With the recent wave of subcompact hatchbacks in the market, one can't help but think that their exterior designs follow a certain theme - aerodynamic front end, compact width, miniscule haunches - and more often than not they begin to closely resemble one another. For those who wish to buy a car and grew up with the 1970s British Motor Company (BMC) Mini and the current New Mini, they might feel a little out of step with the times.

Until the arrival of the current (2004-onwards or Mk Four) Suzuki Swift. First displayed at the 2004 Paris Auto Salon and released globally in 2005, the Mk Four Swift shares exterior similarities with the current New Mini, especially with regard to its front end. Blacked out A-pillars, pronounced front side haunches, a prominent grille, a flat roof and a low stance made it a runaway success in the European market. Although the Swift does sell here, it has yet to compete with the likes of the Honda Jazz and Toyota Yaris. Exactly why is the basis for this test drive.

Step inside and you'll discover a monochromatic black cabin, with the large dashboard occupying nearly an eighth of the interior space. Buttons, dials and levers are all within easy reach, save for the power-assist window and lock buttons on the driver's side armrest; they should be moved an inch forward so that the driver doesn't need to bend his or her wrist to reach the said buttons. Audio entertainment is great but needs improvement in the treble department; the only problem is the small readouts of its buttons and panel display.

The Swift is no slouch when it comes to storage. The glovebox is big enough to store necessities, while the cubbyhole under the aircon controls can fit all three paperback Jason Bourne novels.

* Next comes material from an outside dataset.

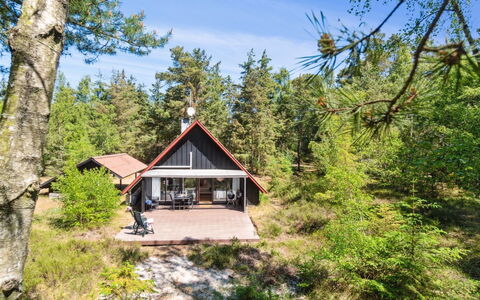 Olla - 400M from the Sea: Bois, Sol, Tache De Bois, Cabinetry, Comptoir, Cuisine, Luminaire Plomberie, Dur, Matériau Naturel, Évier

Storing luggage is also a plus due to the rear seats' tumbling ability; the rear section (with the rear seats tumbled) can fit a balikbayan box and four medium-sized maletas. The only drawback is if the front occupants are long legged and the front seats are moved closer to the b-pillars, rear section storage is greatly reduced to the tumbled rear seats hitting the front seats' backrests.

Take to the road and you'll find that acceleration from rest can be frustrating due to the hatchback's ECU and four-speed a/t. Powerband entry is high (3500 rpm), and the a/t tends to downshift when the gas is near the floorpan. The results are disappointing (151 kph top speed, 8.71 km/l on four days mixed driving) for a car homologated for the Junior World Rally Championships (JWRC). Perhaps an m/t option or the 1.6L engine from the Euro-market Mk Four Swift Sport would be best for this car.

Speaking of the JWRC, it is a must that the car's handling be razor-sharp, as the different and often tricky turns of the different special stages must be hurdled quickly in order to be a winner. It is in this department where the P755,000 Swift excels, providing excellent stability on turns. The Bridgestone Potenza RE050 185/60R15s break traction at 105kph on dry tarmac (and 85 kph in the wet), but the ride is rather bumpy. Turn-in is sharp but steering overall is blunt, highly unusual for a JWRC-homologated car. Also, the steering feel is light at speed but tends to get heavy during parallel parking and long backing.

Overall braking ability is good (including the grippy handbrake), but the ABS tends to wake up increments instead of stopping in one big push. The headlight and foglight beams light up the road decently at night, but the beams' angles need to be adjusted due to its low positioning.

Despite serious power and loading deficiencies, the Suzuki Swift can be considered as a contender in the subcompact arena due to excellent handling and a low stance, ready-to-race look. In a primarily looks-driven market, this hatchback can be considered as subcompact sportiness.